Шел он, впрочем, и дальше советов.
Как-то в поезде к Тэффи привязался мотив из «Сильвы»:
Напев никак не отвязывался. На одной из станций им велели выгружаться и пересаживаться в другой вагон.
«Я замешкалась и выхожу последняя, — вспоминала Тэффи. — Только что спрыгнула на платформу, как вдруг подходит ко мне оборванный нищий мальчишка и отчетливо говорит:
— „Любовь-злодейка, любовь-индейка“. Пожалуйте полтинник.
— Что-о?
— Полтинник. „Любовь-злодейка, любовь-индейка“.
Кончено. Сошла с ума. Слуховая галлюцинация. <…> Ищу дружеской поддержки. Ищу глазами нашу группу. Аверченко ненормально деловито рассматривает собственные перчатки и не откликается на мой зов. Сую мальчишке полтинник. Ничего не понимаю, хотя догадываюсь…
— Признавайтесь сейчас же! — говорю Аверченке.
— Пока, — говорит, — вы в вагоне возились, я этого мальчишку научил: „Хочешь, спрашиваю, деньги заработать? Так вот, сейчас из этого вагона вылезет пассажирка в красной шапочке. Ты подойди к ней и скажи: ‘Любовь-злодейка, любовь-индейка’. Она за это всегда всем по полтиннику дает“. Мальчишка оказался смышленый».
Более всего Аверченко и Тэффи запомнилось пребывание на станции Унеча между Брянском и Гомелем. Осенью 1918 года здесь осуществляла «зачистку» в покинутых немцами и занятых большевиками районах знаменитая курсистка, впоследствии жена Щорса, — Фрума Хайкина[62]. В ее подчинении был вооруженный отряд ЧК, состоявший из китайцев и казахов, ранее нанятых и привезенных Временным правительством на железнодорожные работы, а после Октябрьской революции оставшихся без средств к существованию и возможности вернуться домой.
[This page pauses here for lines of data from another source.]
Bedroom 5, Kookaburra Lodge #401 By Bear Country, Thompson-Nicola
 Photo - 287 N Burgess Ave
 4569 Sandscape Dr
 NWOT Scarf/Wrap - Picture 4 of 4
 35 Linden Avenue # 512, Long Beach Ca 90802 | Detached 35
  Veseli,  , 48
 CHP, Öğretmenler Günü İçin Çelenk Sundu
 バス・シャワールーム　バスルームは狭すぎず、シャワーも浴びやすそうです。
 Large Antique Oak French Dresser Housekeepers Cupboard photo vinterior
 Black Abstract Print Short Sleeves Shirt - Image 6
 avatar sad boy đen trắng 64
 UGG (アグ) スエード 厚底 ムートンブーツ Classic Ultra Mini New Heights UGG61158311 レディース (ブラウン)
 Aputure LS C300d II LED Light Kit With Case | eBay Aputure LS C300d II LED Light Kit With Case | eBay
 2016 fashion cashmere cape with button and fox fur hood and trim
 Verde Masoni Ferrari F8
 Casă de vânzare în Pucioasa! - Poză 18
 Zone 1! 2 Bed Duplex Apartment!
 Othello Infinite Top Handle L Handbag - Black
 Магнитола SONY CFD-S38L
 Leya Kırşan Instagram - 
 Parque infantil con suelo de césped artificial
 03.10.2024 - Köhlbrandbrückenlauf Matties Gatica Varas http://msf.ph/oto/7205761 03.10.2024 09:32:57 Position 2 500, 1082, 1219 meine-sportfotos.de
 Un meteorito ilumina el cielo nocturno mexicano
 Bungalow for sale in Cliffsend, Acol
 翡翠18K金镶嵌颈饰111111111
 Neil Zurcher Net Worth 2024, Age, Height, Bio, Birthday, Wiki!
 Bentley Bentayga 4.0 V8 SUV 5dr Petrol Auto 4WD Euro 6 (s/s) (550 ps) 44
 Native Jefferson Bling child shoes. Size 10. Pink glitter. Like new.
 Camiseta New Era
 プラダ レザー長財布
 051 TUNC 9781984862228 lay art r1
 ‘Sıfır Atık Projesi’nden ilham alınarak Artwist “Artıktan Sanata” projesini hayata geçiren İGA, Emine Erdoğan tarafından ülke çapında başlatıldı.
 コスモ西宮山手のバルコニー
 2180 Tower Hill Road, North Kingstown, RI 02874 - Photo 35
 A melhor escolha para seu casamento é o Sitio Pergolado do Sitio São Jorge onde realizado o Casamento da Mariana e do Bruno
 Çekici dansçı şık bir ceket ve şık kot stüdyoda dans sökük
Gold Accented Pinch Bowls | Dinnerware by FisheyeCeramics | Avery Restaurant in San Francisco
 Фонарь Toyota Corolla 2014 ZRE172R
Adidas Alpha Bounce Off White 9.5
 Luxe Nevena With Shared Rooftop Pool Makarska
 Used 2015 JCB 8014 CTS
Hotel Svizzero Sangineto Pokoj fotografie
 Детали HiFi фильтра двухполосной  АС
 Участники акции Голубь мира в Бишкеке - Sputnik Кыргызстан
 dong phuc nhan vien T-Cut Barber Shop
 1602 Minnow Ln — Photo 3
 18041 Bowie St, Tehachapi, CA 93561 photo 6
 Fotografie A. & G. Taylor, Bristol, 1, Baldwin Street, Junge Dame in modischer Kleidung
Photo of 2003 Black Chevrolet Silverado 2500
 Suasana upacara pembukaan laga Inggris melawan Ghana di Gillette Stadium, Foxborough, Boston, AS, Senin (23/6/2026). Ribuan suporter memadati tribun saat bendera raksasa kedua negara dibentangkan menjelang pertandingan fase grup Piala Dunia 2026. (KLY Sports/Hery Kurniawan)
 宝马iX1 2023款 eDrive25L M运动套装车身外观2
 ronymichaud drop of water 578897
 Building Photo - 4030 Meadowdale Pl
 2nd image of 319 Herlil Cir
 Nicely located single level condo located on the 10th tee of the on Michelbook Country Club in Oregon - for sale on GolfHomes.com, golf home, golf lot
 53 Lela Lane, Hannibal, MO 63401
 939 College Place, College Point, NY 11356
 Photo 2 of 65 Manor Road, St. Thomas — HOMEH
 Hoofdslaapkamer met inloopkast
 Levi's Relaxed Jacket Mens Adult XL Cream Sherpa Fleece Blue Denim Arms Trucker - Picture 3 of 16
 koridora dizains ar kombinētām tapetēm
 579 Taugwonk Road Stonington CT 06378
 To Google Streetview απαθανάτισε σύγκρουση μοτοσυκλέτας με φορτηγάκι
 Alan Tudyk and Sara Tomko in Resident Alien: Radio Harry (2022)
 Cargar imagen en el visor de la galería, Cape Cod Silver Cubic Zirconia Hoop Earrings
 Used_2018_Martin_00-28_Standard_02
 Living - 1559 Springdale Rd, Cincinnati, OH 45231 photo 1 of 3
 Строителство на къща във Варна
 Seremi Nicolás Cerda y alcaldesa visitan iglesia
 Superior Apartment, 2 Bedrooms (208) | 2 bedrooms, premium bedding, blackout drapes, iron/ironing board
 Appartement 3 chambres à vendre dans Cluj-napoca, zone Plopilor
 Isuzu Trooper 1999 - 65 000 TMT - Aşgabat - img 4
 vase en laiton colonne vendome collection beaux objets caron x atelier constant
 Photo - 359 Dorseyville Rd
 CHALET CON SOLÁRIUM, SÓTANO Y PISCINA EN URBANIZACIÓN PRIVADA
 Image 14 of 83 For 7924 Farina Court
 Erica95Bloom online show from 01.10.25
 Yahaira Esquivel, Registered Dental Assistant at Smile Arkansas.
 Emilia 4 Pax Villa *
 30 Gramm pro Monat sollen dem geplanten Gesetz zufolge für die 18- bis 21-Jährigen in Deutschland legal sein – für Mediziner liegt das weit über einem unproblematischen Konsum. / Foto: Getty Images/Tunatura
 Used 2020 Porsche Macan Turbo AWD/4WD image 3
Тэффи нарисовала портрет Хайкиной со слов своего антрепренера Гуськина:
«Я таки кое-что узнал. Здесь главное лицо — комиссарша X. — он назвал звучную фамилию, напоминающую собачий лай — молодая девица, курсистка, не то телеграфистка — не знаю. Она здесь всё. Сумасшедшая — как говорится, ненормальная собака. Звер, — выговорил он с ужасом и с твердым знаком на конце. — Все ее слушаются. Она сама обыскивает, сама судит, сама расстреливает: сидит на крылечке, тут судит, тут и расстреливает. <…> И ни в чем не стесняется. Я даже не могу при даме рассказать, я лучше расскажу одному господину Аверченке. Он писатель, так он сумеет как-нибудь в поэтической форме дать понять. Ну, одним словом, скажу, что самый простой красноармеец иногда от крылечка уходит куда-нибудь себе в сторонку. Ну, так вот, эта комиссарша никуда не отходит и никакого стеснения не признает. Так это же ужас».
А вот что вспоминал Аверченко:
«…комендант Унечи — знаменитая курсистка товарищ Хайкина сначала хотела меня расстрелять.
— За что? — спросил я.
— Зато, что вы в своих фельетонах так ругали большевиков.
Я ударил себя в грудь и вскричал обиженно:
— А вы читали мои самые последние фельетоны?!